Urge desjudicializar el mercado de trabajo

La reforma laboral que aprobó el Gobierno de Mariano Rajoy a mediados de 2012 ha sido una de las pocas medidas económicas positivas y eficaces que ha impulsado el PP durante el presente mandato. Hasta entonces, España sufría uno de los mercados de trabajo más rígidos del mundo y, no por casualidad, presenta una de las tasas de paro más elevadas del planeta. El origen de este drama radicaba en el mantenimiento de un régimen obsoleto y anquilosado, herencia directa del franquismo, que imponía por la fuerza a trabajadores y empresas las condiciones laborales que pactaba, exclusivamente, una privilegiada cúpula de sindicalistas (UGT y CCOO) y patronos (CEOE), y cuya plasmación de llama "convenio colectivo".

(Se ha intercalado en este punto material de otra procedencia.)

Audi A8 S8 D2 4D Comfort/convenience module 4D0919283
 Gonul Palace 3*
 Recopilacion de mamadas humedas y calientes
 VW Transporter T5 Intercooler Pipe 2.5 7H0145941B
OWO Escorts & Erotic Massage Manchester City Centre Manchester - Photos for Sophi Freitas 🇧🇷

El principal avance que supuso la reforma de la ministra Fátima Báñez fue, precisamente, enterrar esa losa, ya que facilitó a las empresas desligarse de dichos convenios, permitiéndoles así una mayor flexibilidad para poder adaptarse con rapidez y eficiencia a las circunstancias cambiantes del mercado. Por eso, en los primeros años de la crisis, la dura recesión que sufrió España se tradujo en una oleada masiva de despidos para reducir costes, mientras que en Alemania, cuyo mercado laboral es mucho más flexible, el inevitable ajuste se hizo mediante la reducción de salarios, sin pérdida de empleo, pese a sufrir una caída del PIB superior a la española tras el estallido de la tormenta financiera internacional. Asimismo, tras la aprobación de la reforma de 2012, la destrucción de puestos de trabajo se ha ido frenando de forma progresiva, incluso en plena recesión, y, ahora que la economía ha comenzado a crecer tímidamente, España ya está creando empleo, aunque de forma aún insuficiente. Es decir, la flexibilidad laboral, muy al contrario de lo que defienden los socialistas, funciona a la hora de generar puestos de trabajo y reducir el paro.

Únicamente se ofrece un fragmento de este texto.